The vision of a clean planet: The role of science and technology
In a world grappling with unprecedented sustainability and environmental challenges, the European Green Deal emerged as Europe’s robust response. This initiative aims to position Europe as a global leader in implementing the UN Agenda 2030 and its Sustainable Development Goals, emphasizing transformative resilience in the face of the pandemic and geopolitical shifts.The Green Deal’s vision of a clean planet by 2050 underscores the vital role of science, technology, and innovation (STI).
Traditionally, S&T&I have focused on human performance, guided by notions of progress. However, given the interconnectedness of human well-being and the planet’s health, there is a growing need to shift the spotlight from human performance to the broader concept of “ecosystem performance.”
Project S&T&I for 2050, mapping the future
Visionary Analytics along with other partners from Austrian Institute of Technology, Insight Foresight Institute, ISINNOVA, Fraunhofer ISI, and Institutul de Prospectiva have worked on the “S&T&I for 2050” project to identify future scientific and technological advancements that can significantly enhance ecosystem performance, aligning with Horizon Europe’s second strategic plan in support of the Sustainable Development Goals.
The project commenced by pinpointing the most dynamic STI areas globally, drawing data from Microsoft Academic. This comprehensive analysis identified 1,000 dynamically growing STI topics over a decade, leading to the identification of 130 STI directions across 21 domains for further exploration. Our team’s role was to support the research for DG RTD through extensive bibliometric analysis to identify emerging STI topics as well as provide insight on clustering of the topics.
Simultaneously, the project delved into the multifaceted concept of Ecosystem Performance, recognizing its dependence on diverse worldviews regarding the relationship between humans, nature, and responsibility for planetary health. Three key perspectives emerged:
- Protecting & Restoring: This perspective emphasizes the distinctive nature-human interaction, seeking to manage human activities to attain specific environmental targets.
- Co-shaping socio-ecological systems: In this view, ecosystems are seen as complex adaptive socio-ecological systems with no clear boundaries. The focus is on steering system dynamics towards long-term survival.
- Immersing & Caring within hybrid collectives: This perspective envisions a pluriverse of hybrid entities with agency emerging from relationships. It promotes negotiation with other inhabitants of critical zones to allow all to flourish on their own terms.
Mapping future advancements
To identify advancements that can enhance ecosystem performance, a two-round Dynamic Argumentative Delphi survey was conducted, engaging top researchers. The survey participants prioritized key STI directions and identified significant potential harms that STI could inflict on planetary ecosystems. Results were used to create Future Sheets for each domain, offering examples of technological / scientific applications and potential harm to planetary ecosystems.
Six case studies emerged from online workshops with foresight and domain experts, exploring diverse scenarios tied to the different perspectives on society-nature interactions. These case studies promise to inform the programming and implementation of Horizon Europe, assisting in project evaluation and policy decisions.

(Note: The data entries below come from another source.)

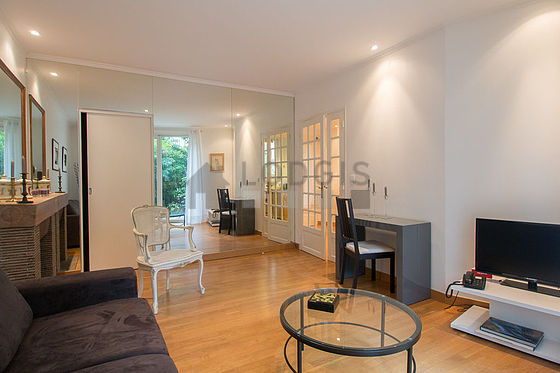 Very quiet living room furnished with 1 sofabed(s) of 160cm, tv, 1 armchair(s), 1 chair(s)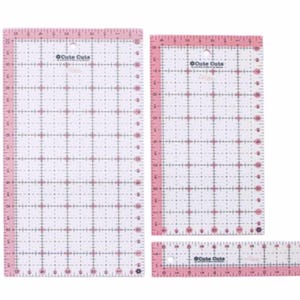 Puede incluir: Conjunto de cinco reglas rosas y blancas con l&iacute;neas de cuadr&iacute;cula. Las reglas miden 3,8 cm por 16,5 cm, 6,4 cm por 11,4 cm, 8,9 cm por 16,5 cm, 11,4 cm por 21,6 cm y 14 cm por 26,7 cm.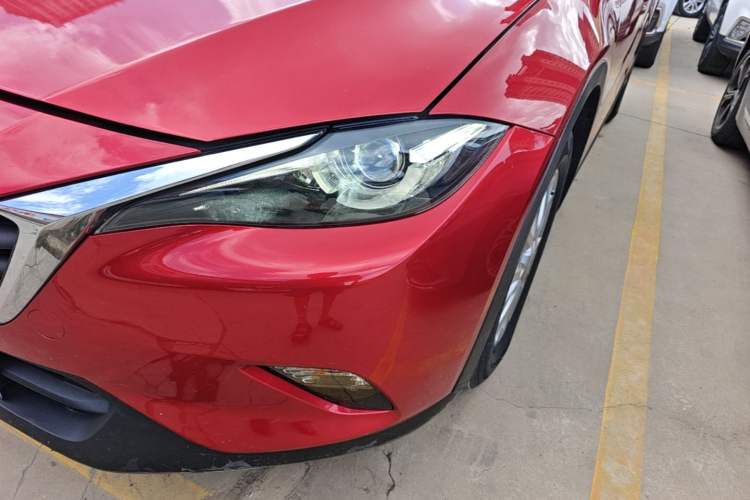 Used Mazda CX-4 2018 2.0L Automatic Two-Wheel Drive Blue Sky Dynamic Version China VI Standard Left Front Headlight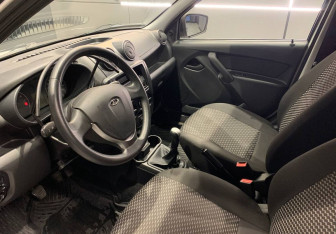 Подержанный автомобиль LADA (ВАЗ) Granta Sedan 2018 года (12 фото)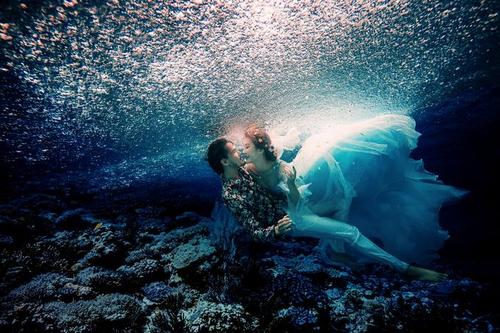 男女各两套 水下婚纱摄影,浪漫与众不同- 水匠魅影专业水下摄影棚的
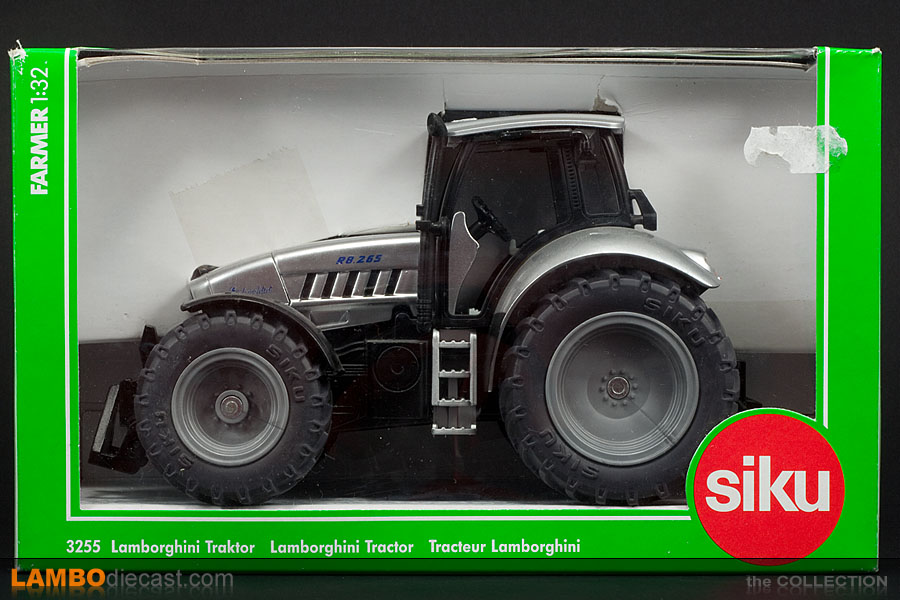The 1/32 Lamborghini Tractor R8.265 from Siku, a review by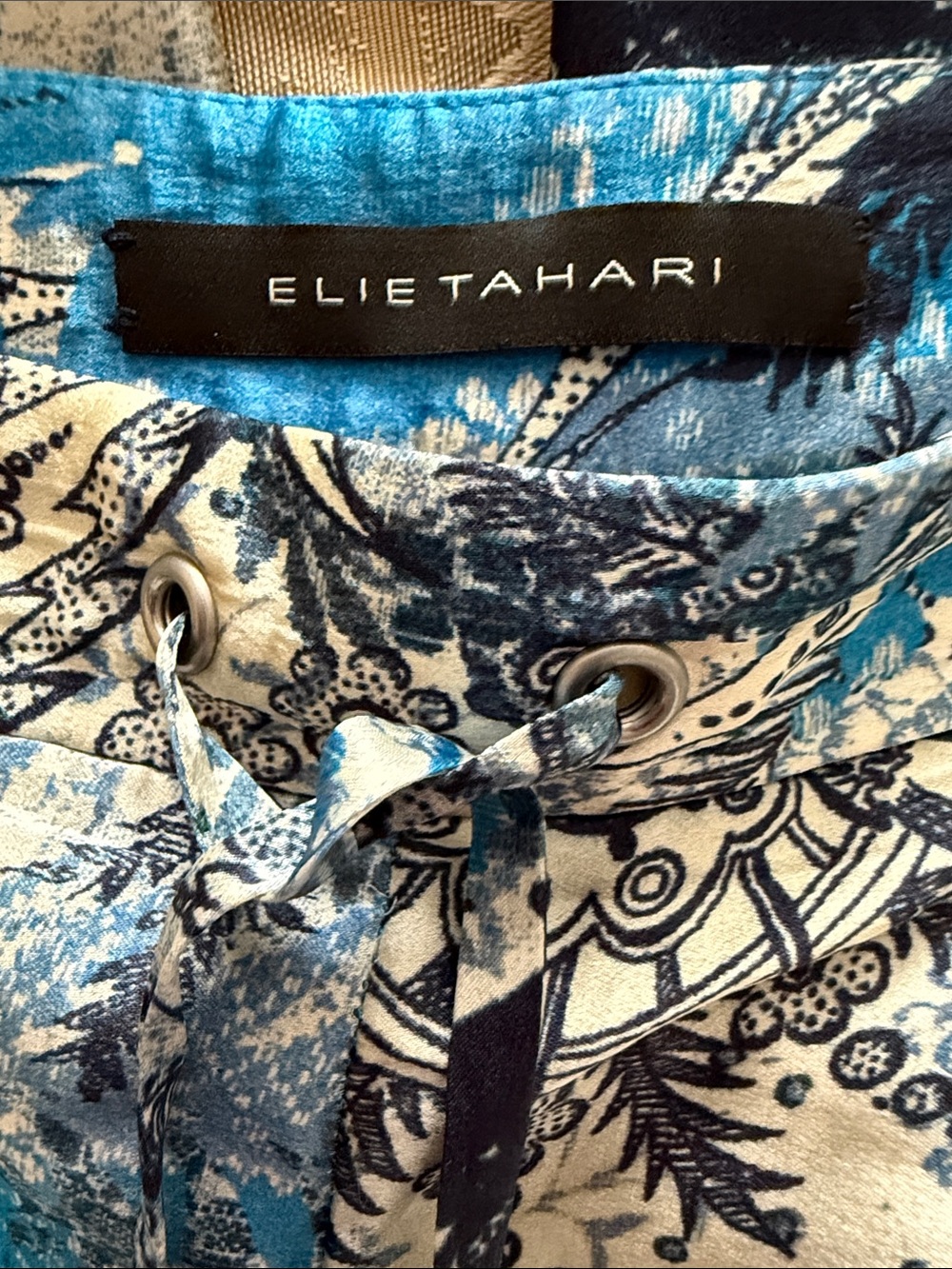 Elie Tahari Blue and White Printed Wrap-Front Maxi Pants 100% Silk Size S - Picture 8 of 10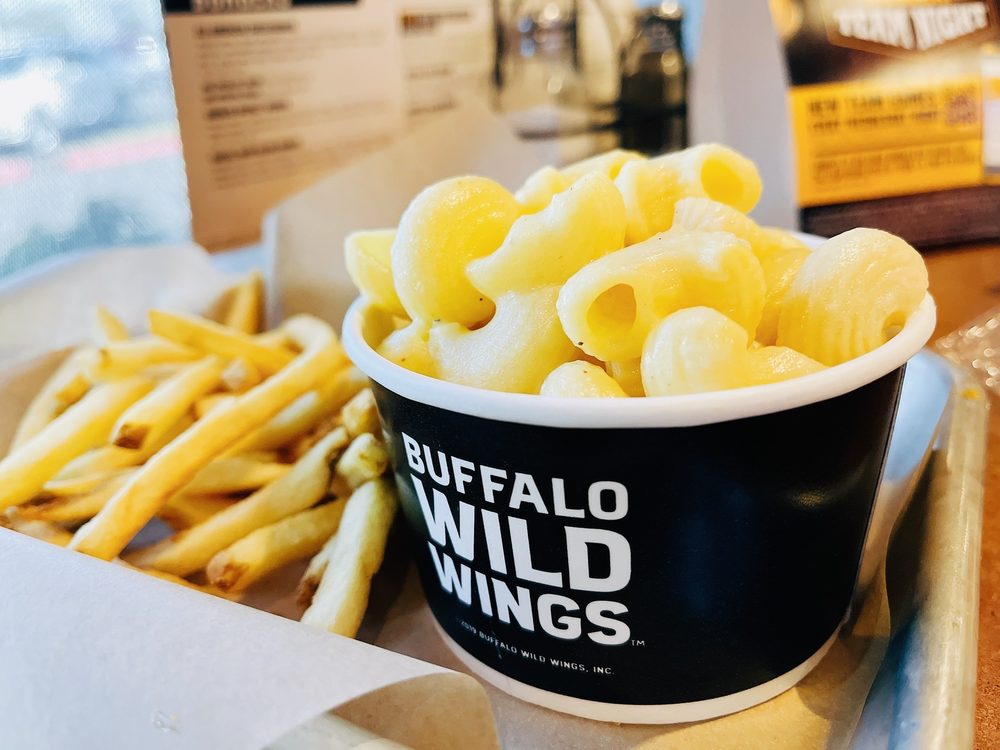 BUFFALO WILD WINGS 300 Photos & 439 Reviews 1601 East Monte Vista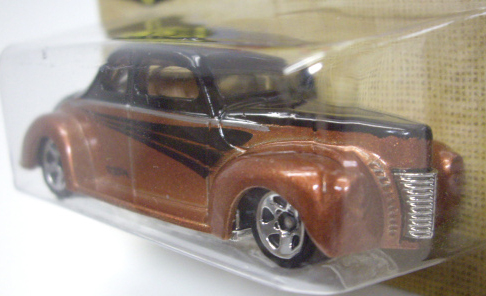 画像: 2012 WALMART EXCLUSIVE "CARS OF THE DECADES" 【'40 FORD COUPE】 BROWN-BLACK/5SP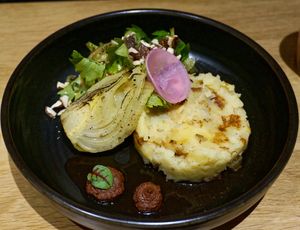 Ecrasé de pomme de terre à l'ail confit at the friendly kitchen in Paris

Shifting S&T&I focus: Convergence on ecosystem performance
The trajectory of STI has shifted from a focus on enhancing human performance to addressing global threats to both human health and planetary health. This shift is evident in the current mapping of dynamic ST directions, with more domains specifically targeting ecosystem performance.
The multiple crises we face today, including climate change, the pandemic, and geopolitical shifts, demand a broader perspective on accelerating transitions and achieving climate neutrality by 2050. Reconsidering the relationship between society and nature is crucial for the development of STI policy strategies, the European Green Deal, and the 2030 biodiversity strategy.
As demonstrated in the case studies, scenarios built on these three perspectives enrich STI policy strategies, shaping thematic focus areas, research directions, and modes of research. The inclusion of social sciences, humanities, and non-scientific knowledge in research projects, as well as the design of the instrument portfolio, further enriches our ability to address planetary health challenges. This shift signifies a holistic and sustainable approach, recognizing the interdependence of human well-being and the health of our planet. It is a call to action to employ science and technology for a clean and flourishing planet by 2050.